As a person, I don’t really believe in self-help books. As an aspiring writer, I also don’t believe in how-to-write books. How can you tell anyone how to write, as if there were only one way to create art? Luckily, Letters to a Young Poet is a different beast altogether. Rilke speaks more to the soul of the writer than to the activity of writing itself. There is no “how-to.” At the risk of sounding like Yoda, Rilke seems to say, “do or do not.” He agrees that “no one can advise or help you–no one.” Just write. It’s that simple. And that difficult.

Rilke begins his book of “advice,” even though the content directly rejects that category, with a question posed directly to Kappus and to us:

Go into yourself. Find out the reason that commands you to write; see whether it has spread its roots into the very depths of your heart; confess to yourself whether you would have to die if you were forbidden to write. This most of all: ask yourself in the most silent hour of the night: must I write? Dig into yourself for a deep answer. And if this answer rings out in assent, if you meet this solemn question with a strong, simple “I must,” then build your life in accordance with this necessity; your whole life, even into its humblest and most indifferent hour, must become a sign and witness to this impulse. (6)

Seriously, I think I should start carrying around this little book the same way I carry my wallet and keys: it is a complete necessity. Rilke makes it clear that it is not criticism, constructive or not, that a writer needs to write well. There is no way of Rilke to determine whether Kappus’s work is “good” or not, as Kappus asks him. The only way Rilke can judge his work is if it had “arisen out of necessity,” out of the riches of his life. Artists are able to make art out of anything, even a seemingly boring life. To be an artist is a “calling,” says Rilke, a burden and a destiny.

This book carries with it a strange mystique, a sense that it is alive, and it always manages to inspire creative energy within me. After reading it I always feel a bit calmer, a bit happier, a little more confident in my ability to write. After reading, I manage to shed a bit of my outer life and exist more wholly within, in a place where the desire to write takes over, and it becomes easier. Maybe it’s the fear of failing that Rilke’s words dissipate. In any case, Letters to a Young Poet is, as I’ve said, a complete necessity for any artist, not exclusively writers.

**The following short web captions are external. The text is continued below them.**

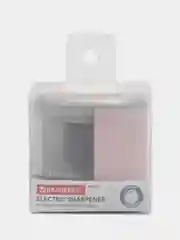 Точилка электрическая BRAUBERG DUAL (для 2 диаметров карандашей!), 4 батарейки АА, розовая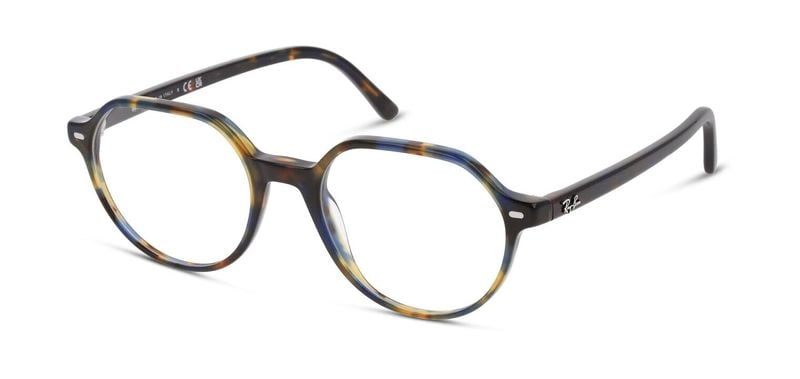 Lunettes de vue Ray-Ban Rectangle 0RX5395 Havana pour Homme-Femme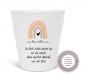 Preview: stiller Blumentopf - Vase kleiner Regenbogen Name personalisiert  Sternenkind Trauer  Grab, Urnengrab, Abschied, Friedhof ....von Lüttentüddel®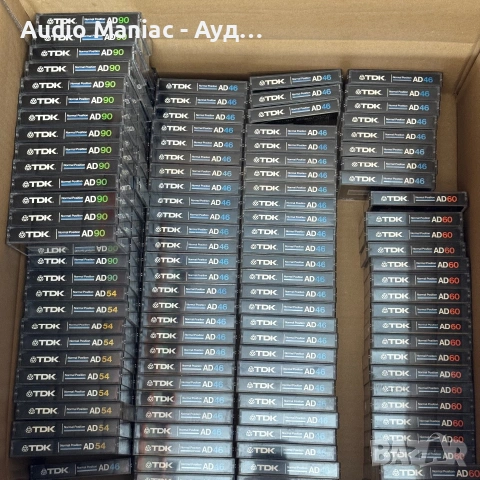 Аудио касети TDK AD46, 54, 60, 90  Type I, , снимка 4 - Декове - 55226236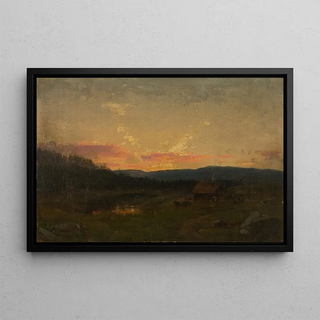 Amaldus Nielsen - Solnedgang ved seteren.webp
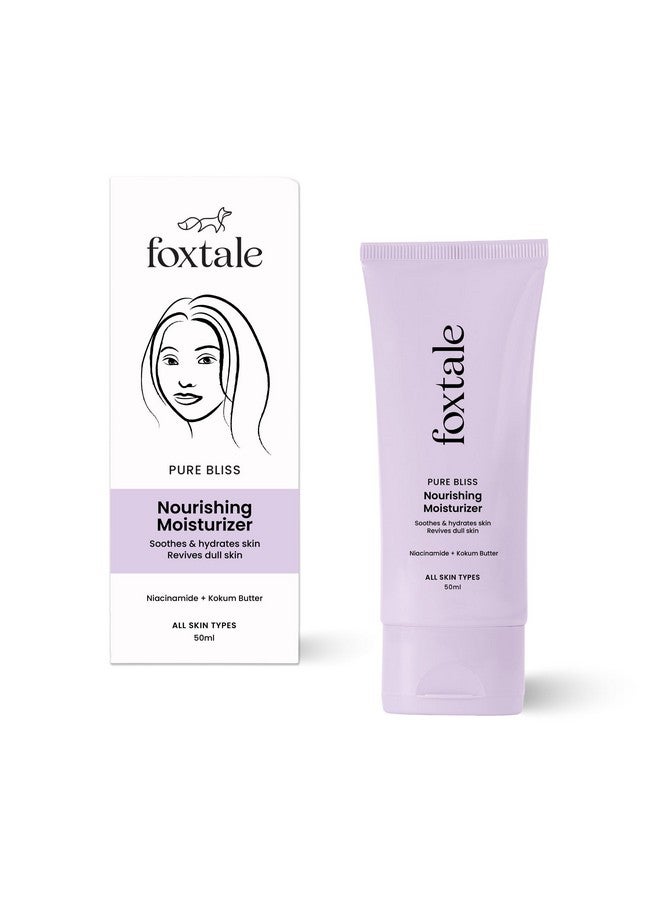 فوكستيل مرطب مغذي للوجه مع النياسيناميد لترطيب لمدة 24 ساعة خفيف الوزن وغير لزج لبشرة ناعمة ومتوهجة للرجال والنساء جميع أنواع البشرة 50 مل - Image 1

Perhaps all the dragons in our lives are princesses who are only waiting to see us act, just once, with beauty and courage. Perhaps everything that frightens us is, in its deepest essence, something helpless that wants our love. 

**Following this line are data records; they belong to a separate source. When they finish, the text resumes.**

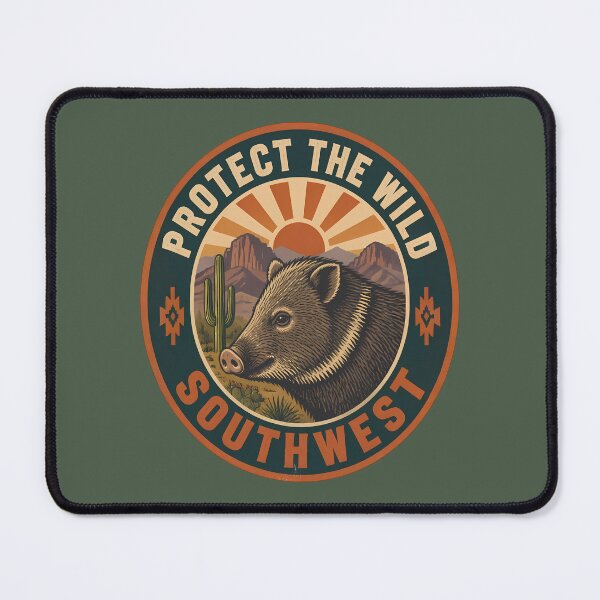 Item preview, Javelina Protect the Southwest – Vintage Arizona Wildlife designed and sold by Art-Arcade6.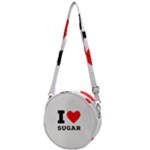 I love sugar  Crossbody Circle Bag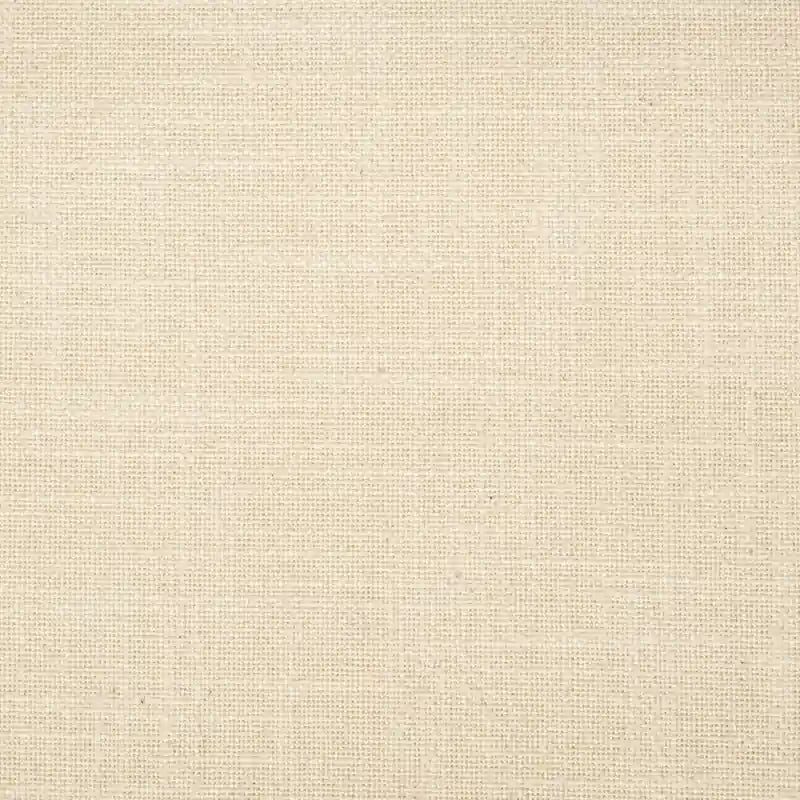 Panca da ingresso imbottita in tessuto crema con struttura in legno marrone 58x15x20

Apart from Rilke’s words to Kappus and to all writers, this book is a treasure because it offers glimpses into Rilke’s life and trials, in such a way that makes me feel a little closer to one of my favorite poets. He describes in 1905 how he has been afflicted with influenza, and how he sought respite from his illness in southern Italy. I love reading about these small instances of Rilke’s physical being in the world, dated as they are. Letters are incredibly personal. It feels timeless, as if Rilke is still operating after his death. Yeah, it’s weird, but I love it. It’s the same feeling that he somehow is still speaking to writers, to anyone who cracks open the cover of this slim collection.

References

Rilke, R.M. and Stephen Mitchell. Letters to a Young Poet. 1984. New York, NY: Random House.